● **TASK DIRECTIONS**:
All the lines below need to be output exactly, apart from any images.
───── TASK DATA ─────
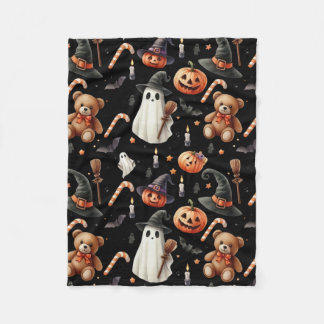 Couverture Polaire Citrouilles d'Halloween mignons, fantômes, nounour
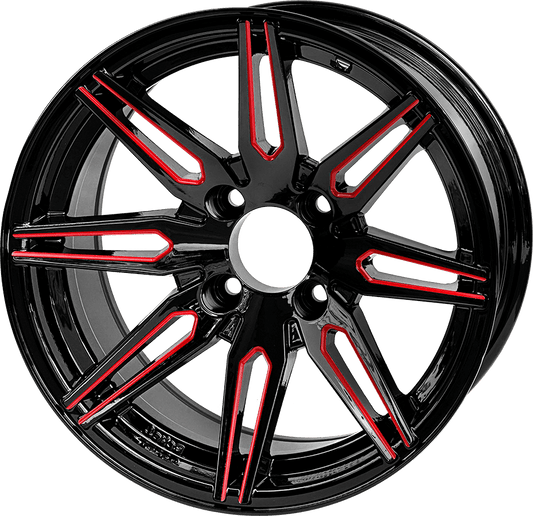 STEELENG 14-inch Lynx Glossy Red/Black, Mounted Set of 4, part WH1439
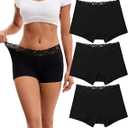 INNERSY Women's Lace Underwear Cotton Soft Boyshorts Panties Boxer Briefs 3-Pack L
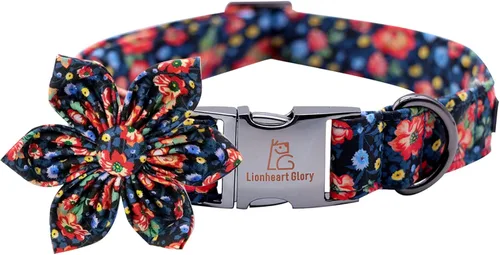 Miniatura 20 de Lionheart glory Collar de perro con flor, collar de perro azul con flores, collar de verano para perro niño o niña, suave, duradero, ajustable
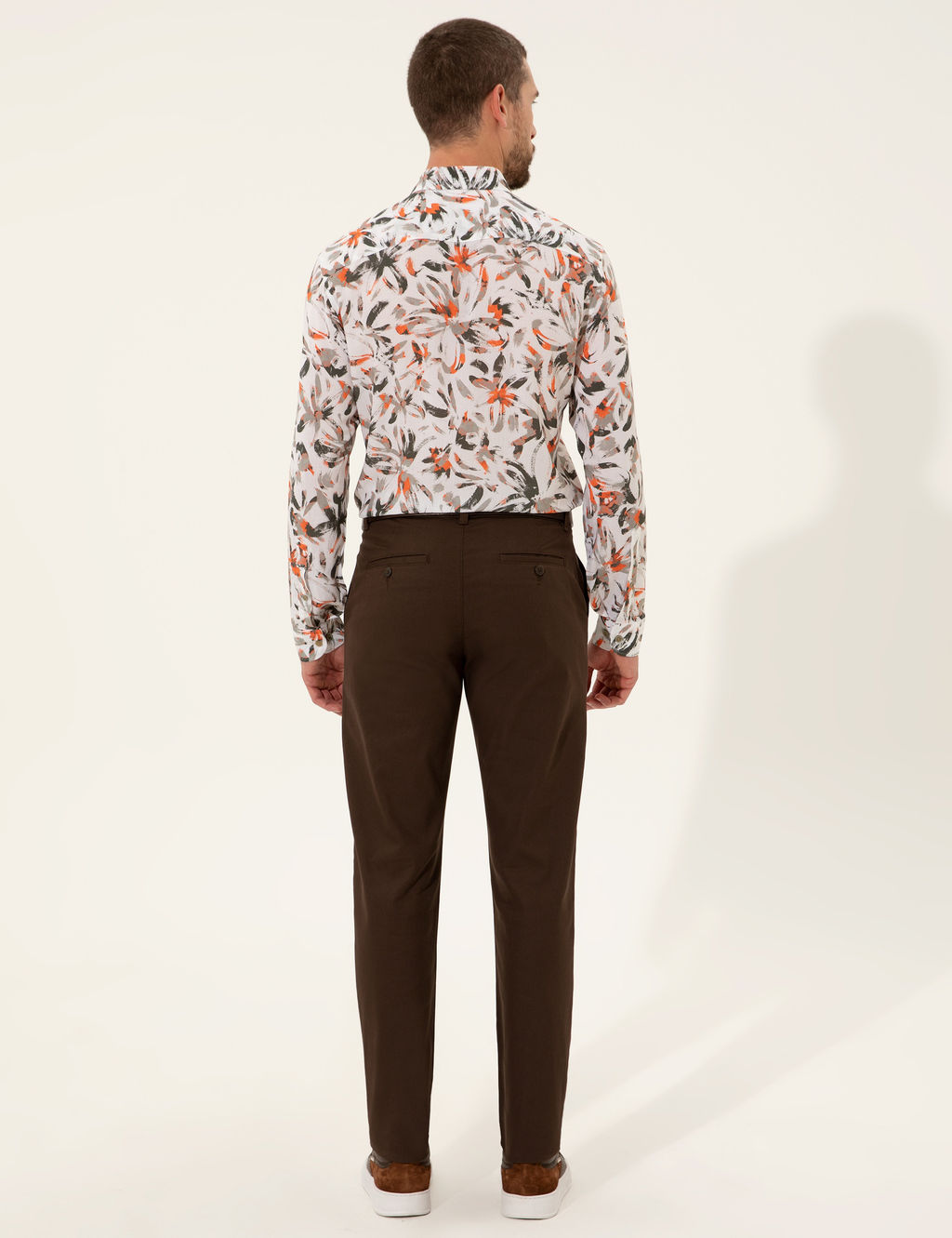 Kahverengi Regular Fit Kanvas Pantolon
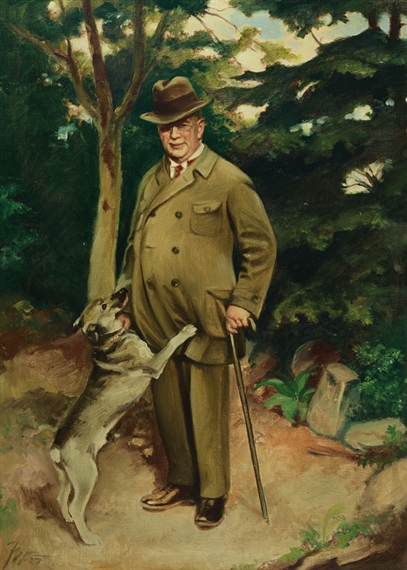 Self Portrait with Dog by Friedrich Wilhelm Meyer, 1927
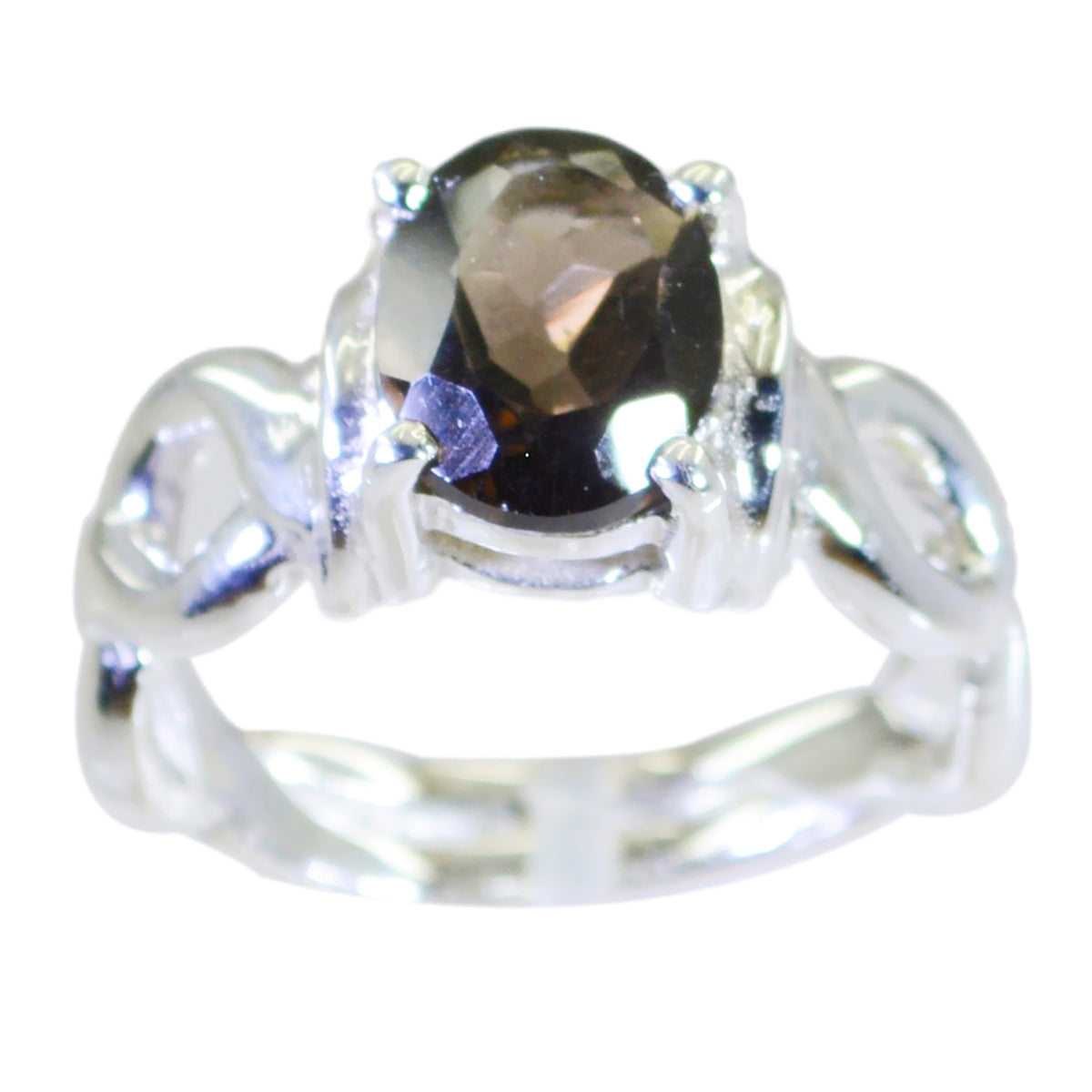 Riyo Teasing Stone Smoky Quartz Solid Silver Rings Jewelry Insurance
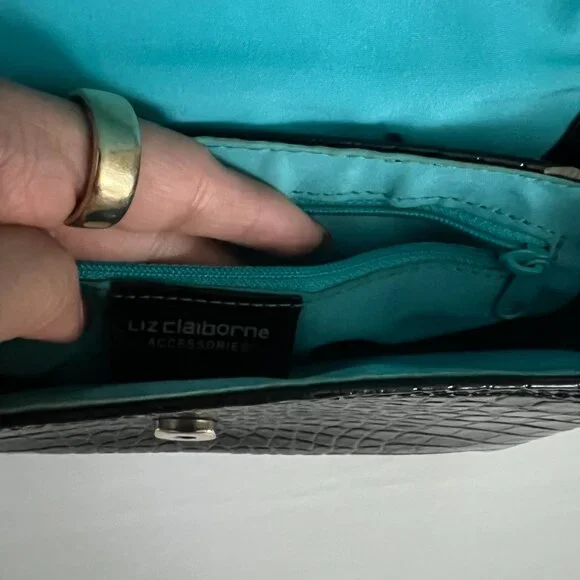 Vintage Liz Claiborne Crocodile Embossed Faux Leather Black Shoulder Bag‎ Purse - Picture 6 of 10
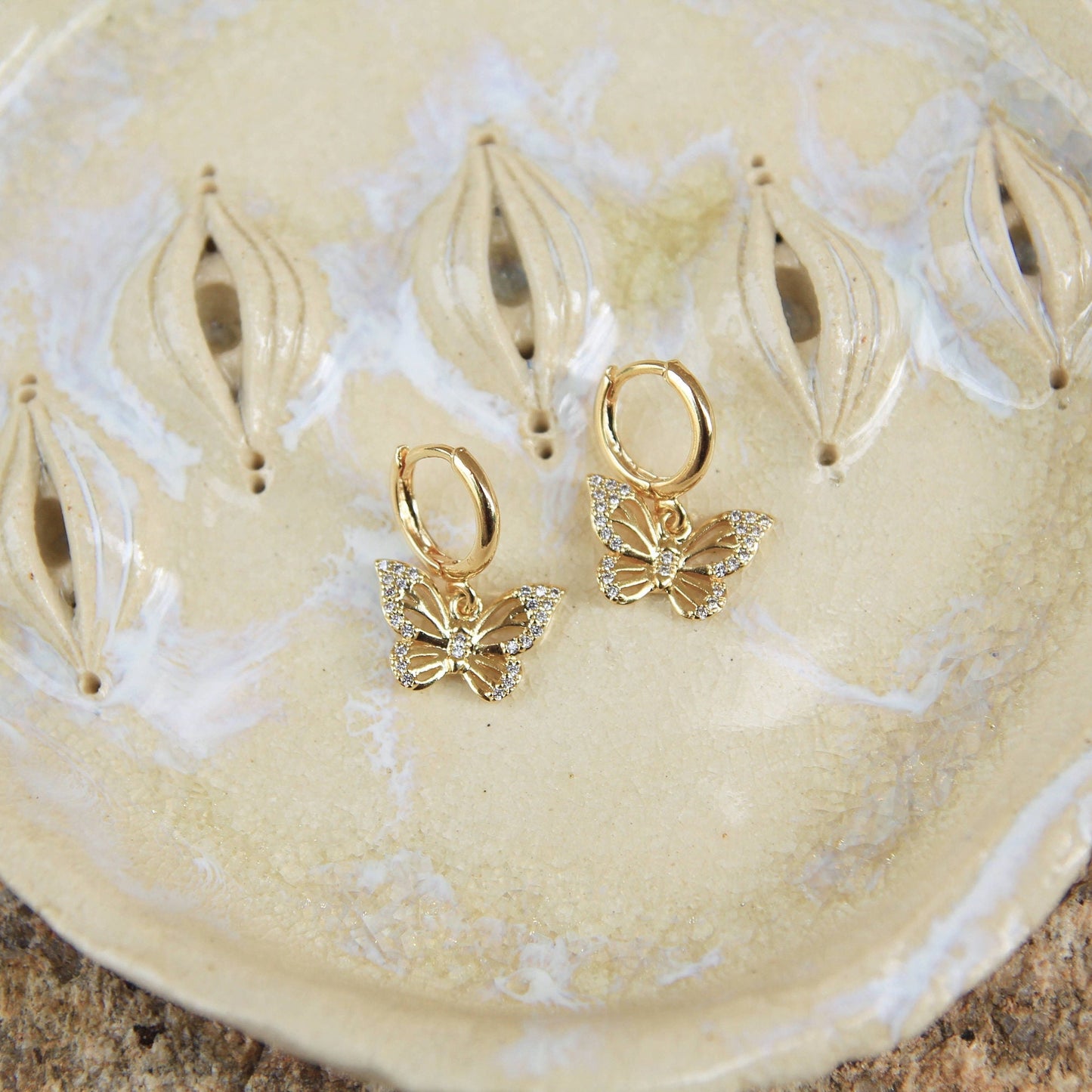 Gold Butterfly Earrings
─────
● **YOUR RESPONSE**:
 Couverture Polaire Citrouilles d'Halloween mignons, fantômes, nounour
 STEELENG 14-inch Lynx Glossy Red/Black, Mounted Set of 4, part WH1439
 INNERSY Women's Lace Underwear Cotton Soft Boyshorts Panties Boxer Briefs 3-Pack L
 Miniatura 20 de Lionheart glory Collar de perro con flor, collar de perro azul con flores, collar de verano para perro niño o niña, suave, duradero, ajustable
 Kahverengi Regular Fit Kanvas Pantolon
 Self Portrait with Dog by Friedrich Wilhelm Meyer, 1927
 Riyo Teasing Stone Smoky Quartz Solid Silver Rings Jewelry Insurance
 Vintage Liz Claiborne Crocodile Embossed Faux Leather Black Shoulder Bag‎ Purse - Picture 6 of 10
 Gold Butterfly Earrings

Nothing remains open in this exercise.